## EXERCISE PROMPT:
The answer must be only the lines below from the one holding "Hi, Kieran Stone" down to the one holding "Now for definitions: allergy", ends included, printed exactly; please omit all pictures.

## THE DATA:
┄┄┄┄┄┄┄┄┄┄┄┄┄┄┄┄┄┄┄┄

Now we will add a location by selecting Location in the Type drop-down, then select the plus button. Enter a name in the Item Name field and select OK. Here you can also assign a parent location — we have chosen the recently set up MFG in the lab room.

┄┄┄┄┄┄┄┄┄┄┄┄┄┄┄┄┄┄┄┄

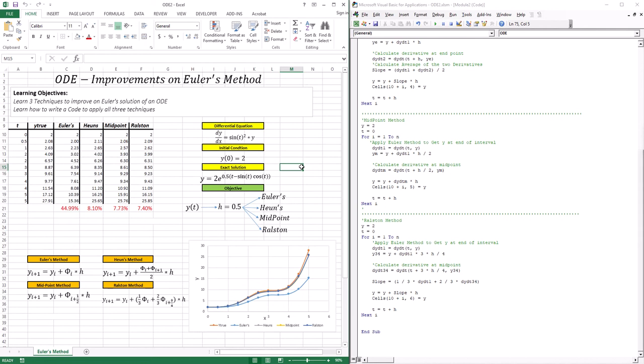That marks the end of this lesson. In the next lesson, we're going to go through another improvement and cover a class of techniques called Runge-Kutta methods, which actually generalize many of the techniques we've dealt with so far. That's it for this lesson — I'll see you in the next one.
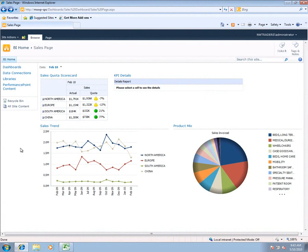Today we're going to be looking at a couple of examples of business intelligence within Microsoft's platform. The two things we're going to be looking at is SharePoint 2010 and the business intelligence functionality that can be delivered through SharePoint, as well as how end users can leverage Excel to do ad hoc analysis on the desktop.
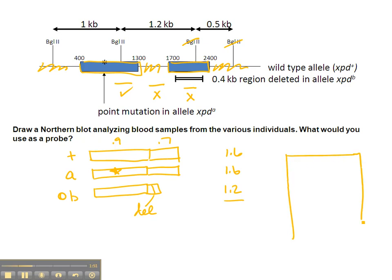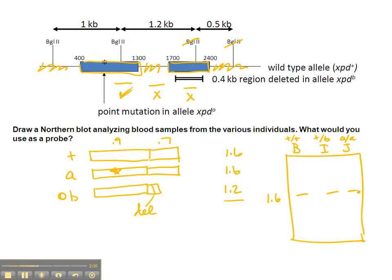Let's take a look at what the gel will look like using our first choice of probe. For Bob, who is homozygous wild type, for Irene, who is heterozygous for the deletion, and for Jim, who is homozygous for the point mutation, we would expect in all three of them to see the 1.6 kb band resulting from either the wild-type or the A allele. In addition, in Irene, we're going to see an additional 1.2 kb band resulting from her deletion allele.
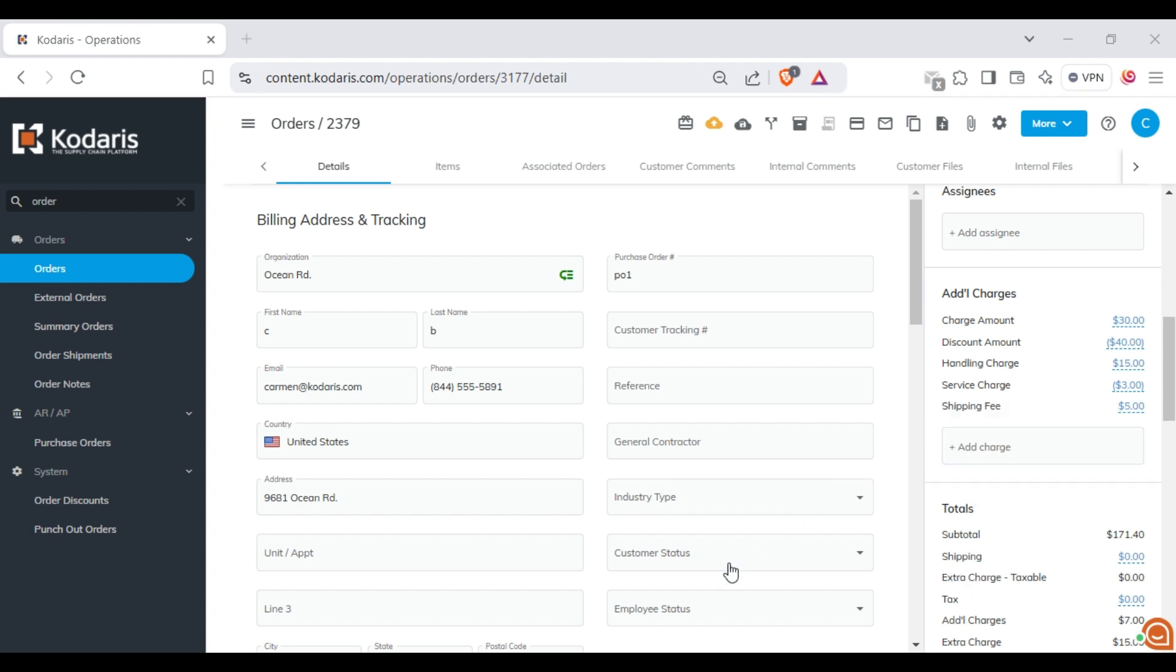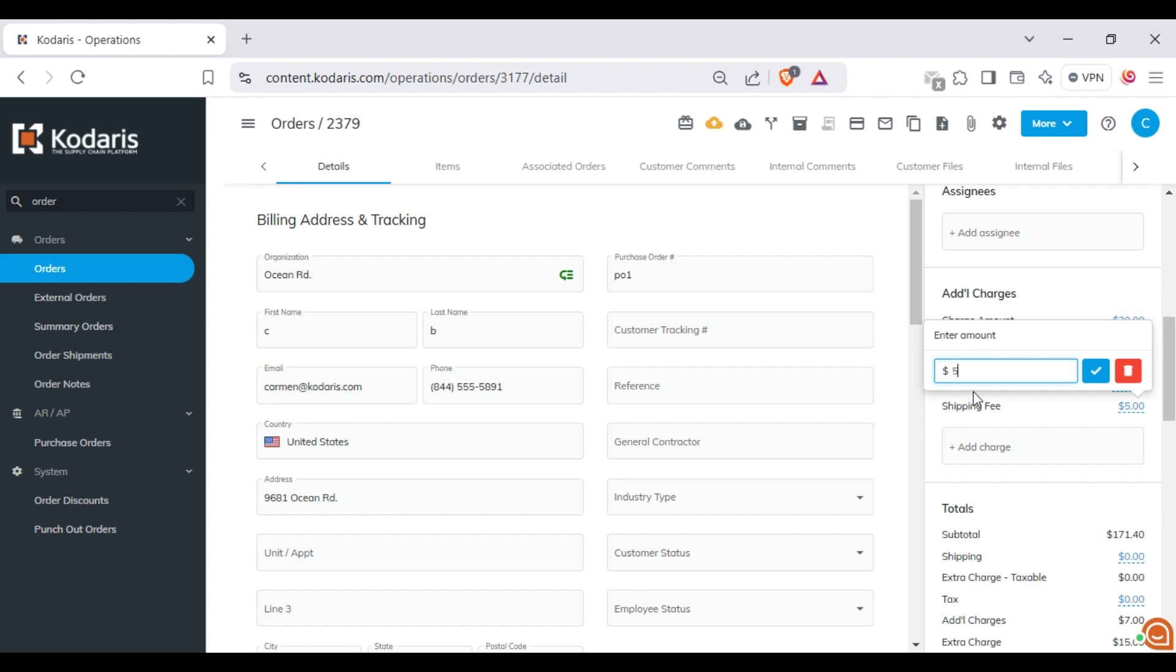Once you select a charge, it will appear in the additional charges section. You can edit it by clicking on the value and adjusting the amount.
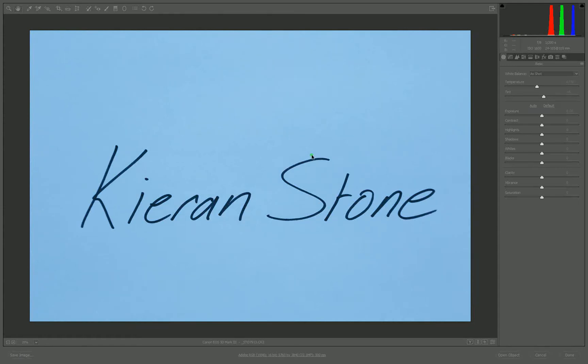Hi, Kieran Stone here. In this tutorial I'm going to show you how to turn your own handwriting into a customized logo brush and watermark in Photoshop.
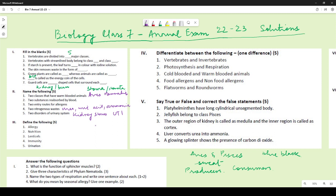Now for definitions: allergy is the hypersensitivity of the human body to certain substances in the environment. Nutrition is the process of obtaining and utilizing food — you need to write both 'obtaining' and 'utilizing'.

┄┄┄┄┄┄┄┄┄┄┄┄┄┄┄┄┄┄┄┄

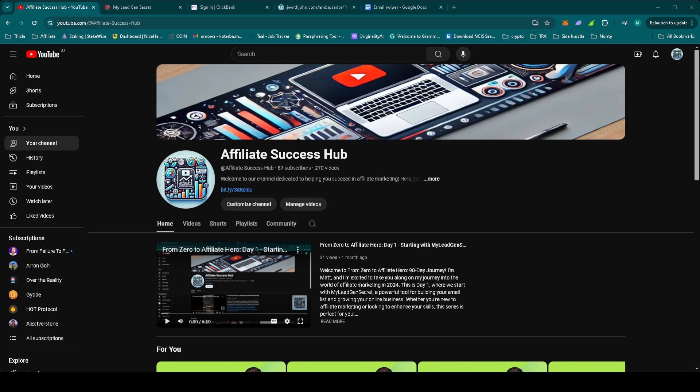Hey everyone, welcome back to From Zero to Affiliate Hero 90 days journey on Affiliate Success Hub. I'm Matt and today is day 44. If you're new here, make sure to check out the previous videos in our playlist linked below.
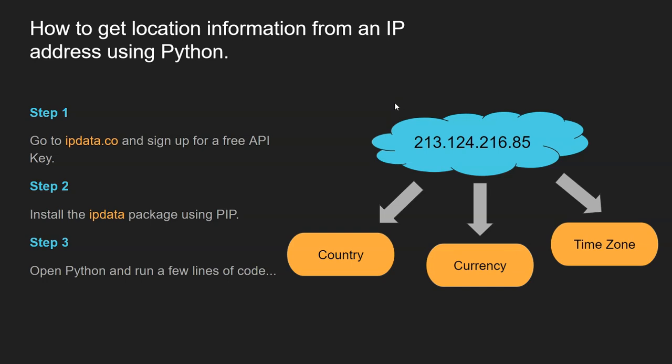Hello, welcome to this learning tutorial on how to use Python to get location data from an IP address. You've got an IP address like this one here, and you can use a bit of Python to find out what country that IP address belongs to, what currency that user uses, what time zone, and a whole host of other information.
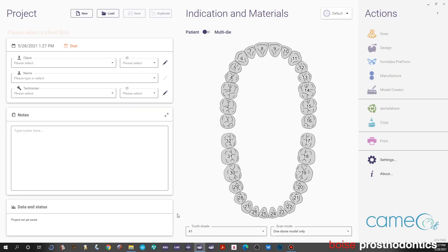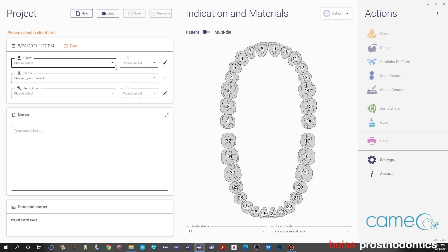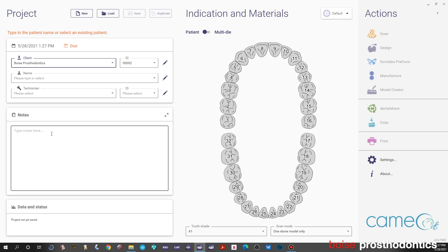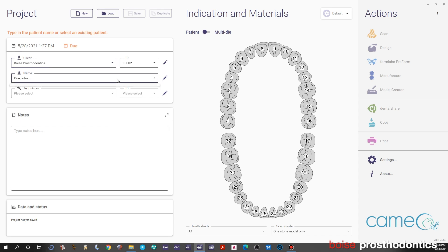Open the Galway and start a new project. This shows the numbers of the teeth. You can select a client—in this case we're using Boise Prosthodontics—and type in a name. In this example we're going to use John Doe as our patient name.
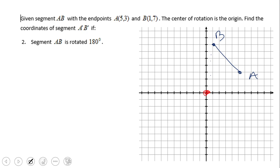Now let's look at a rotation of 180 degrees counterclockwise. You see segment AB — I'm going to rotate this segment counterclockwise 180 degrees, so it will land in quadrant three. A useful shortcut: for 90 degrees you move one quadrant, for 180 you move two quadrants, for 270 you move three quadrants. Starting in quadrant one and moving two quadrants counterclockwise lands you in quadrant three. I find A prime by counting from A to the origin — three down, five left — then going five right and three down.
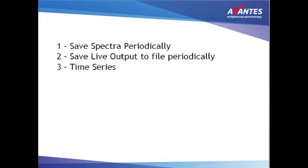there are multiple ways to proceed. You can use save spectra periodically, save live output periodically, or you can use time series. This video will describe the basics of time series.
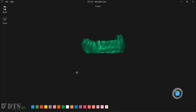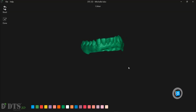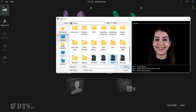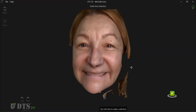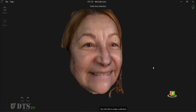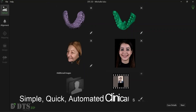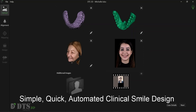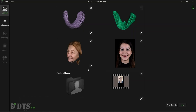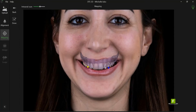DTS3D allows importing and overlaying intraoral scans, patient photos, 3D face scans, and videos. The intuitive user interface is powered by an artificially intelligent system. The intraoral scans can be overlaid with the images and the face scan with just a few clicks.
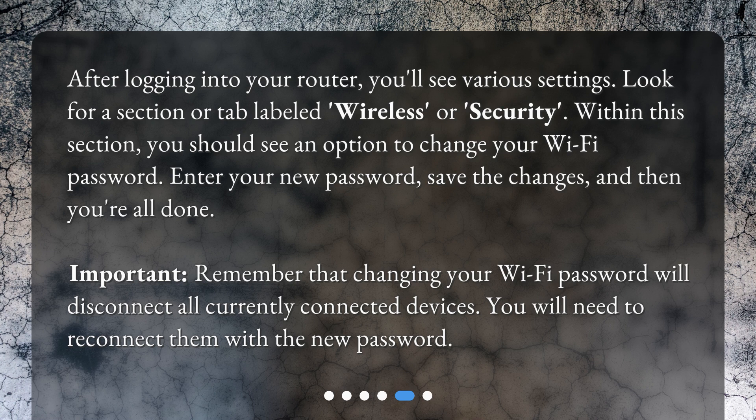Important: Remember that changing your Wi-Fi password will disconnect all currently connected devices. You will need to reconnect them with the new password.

┄┄┄┄┄┄┄┄┄┄┄┄┄┄┄┄┄┄┄┄

## COMPLETED EXERCISE:
Hi, Kieran Stone here. In this tutorial I'm going to show you how to turn your own handwriting into a customized logo brush and watermark in Photoshop.
Now for definitions: allergy is the hypersensitivity of the human body to certain substances in the environment. Nutrition is the process of obtaining and utilizing food — you need to write both 'obtaining' and 'utilizing'.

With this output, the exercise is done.